13 March 2006

Time To Move..

Yes, this will be over one day.. I will not speak of it again except in passing, no longer will it be needling at me to solve or act or do - or even just be; as it will be over.

I moved out of my apartment this weekend, and am in the process (after a breif stint with friends) of moving into my own place. I have a deposit on a place in Irvine, but now that I am up here in (near) Fullerton, I'm liking this idea so much better. Irvine may have 'status' but this place has much more and is much more me. Decisions.. If I move up here I hurt someone and lose a very good, very wonderful friendship (yes lose, it must be a clean break, for his sake as well as mine.) My changing and doing this will infuriate him as well - which irks the crap out of me - I understand you love me, but this is MY life, not yours; and hurt him.. ugh.. hurting him - the one thing I try desperately to avoid and end up doing anyway.

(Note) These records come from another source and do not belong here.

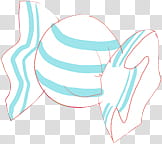 My, white and tel stripe ribbon illustration transparent background PNG clipart
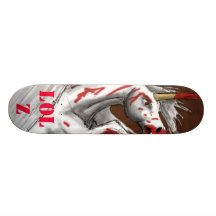 PANNEAU sanglant de la licorne LOLZ Skateboards Personnalisés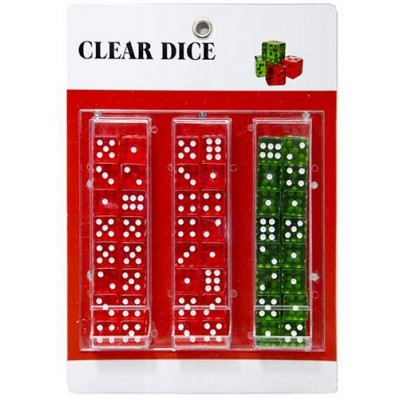 TOYS CLEAR DICE PAD 1CT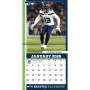 Seattle Seahawks 12" x 12" 2026 Calendrier mural Player Page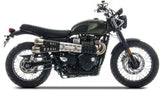 Exhaust Tip With Noise Certification Conical Stainless Steel - Zard Compatible With Triumph Scrambler 900 (2017-2023)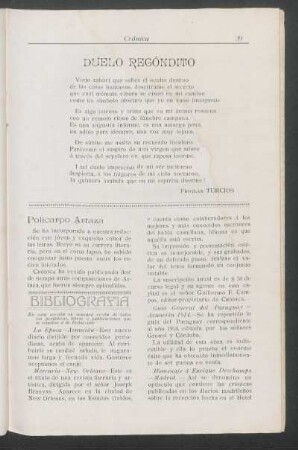 Duelo recóndito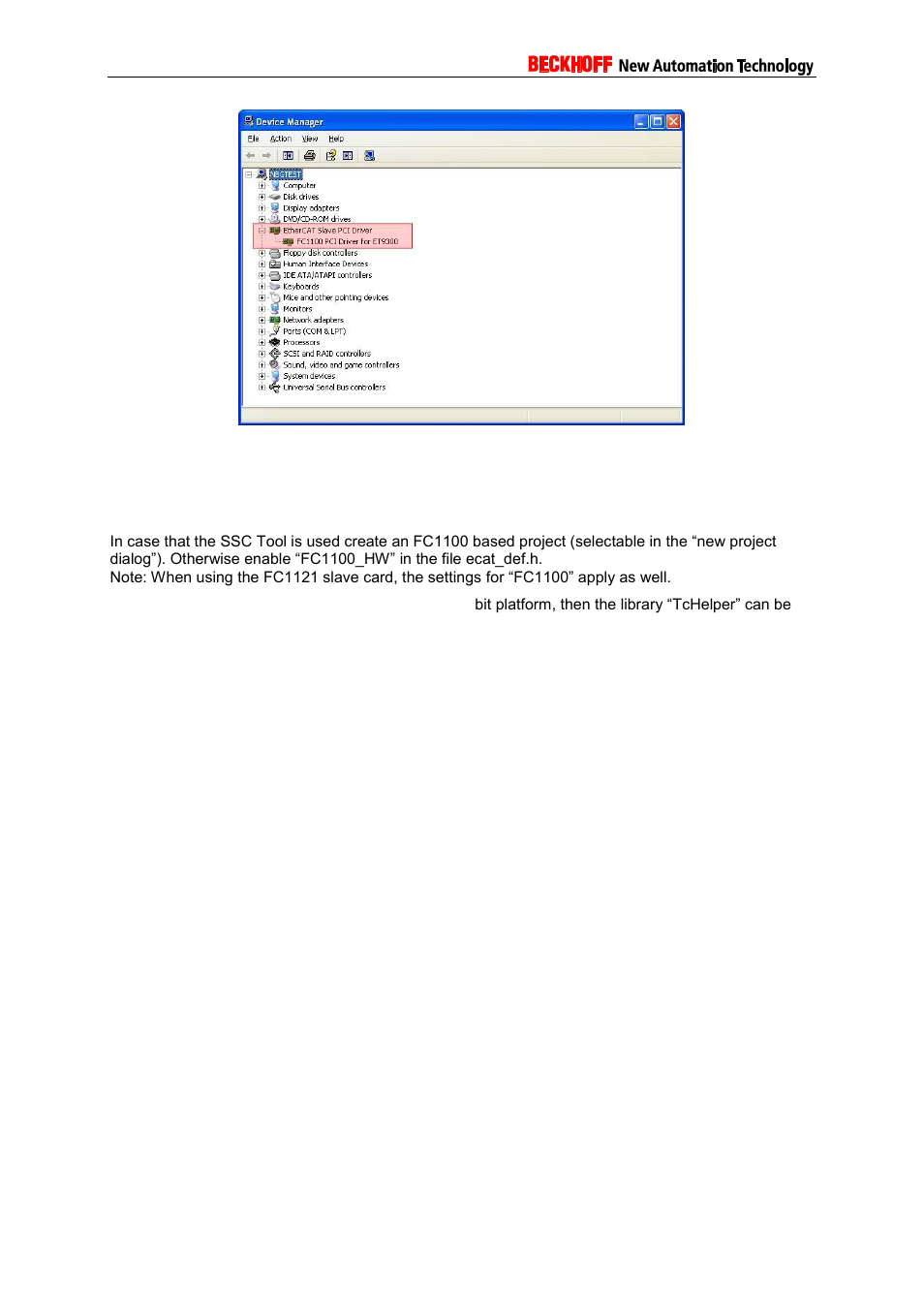 2 slave software, Slave software, Figure 12) | BECKHOFF FC1100 User Manual | Page 14 / 15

My sister called me today to tell me she is preggers - I am ESTATIC for her.. but was left crying over what I know I want and what I know I will not have with RTK - is it odd that I love a child yet conceived? That I know her, or believe that I do.. her name.. her ways.. and that I can see her dancing before me - though she is but a twinkle in my eye. In staying with him I forsake her.. Walk away from her, the hope of her.. and even worse, the promise of her. That thought brings tears every time. I am too old to hope and wish that someone will change. I am too old to deal with the bullshit of the past that was not my fault or my issue. Harsh, but true. He is going to be the recipient of the lessons he has taught me.. does he know? I love his daughter - but she is not mine. I love him, but he is my friend.. and the passion that I desire is not found in him.. elsewhere? yes.. In him - I don't, as much as I want to, believe so. I am loved, I am protected, I am cared for, I am nurtured, I am fretted over, I am adored.. And even this isn't enough for me! To fulfill those desires that run ocean deep in me.. wife and mom wife and mom wife and mom.. I hear it call to me as if the blood in my very veins....... it is who I am.. it is what defines me.. Love, shockingly, is not enough.

I am growing.. I am changing.. I am moving.. I am becoming me - whoever she may be and I love that.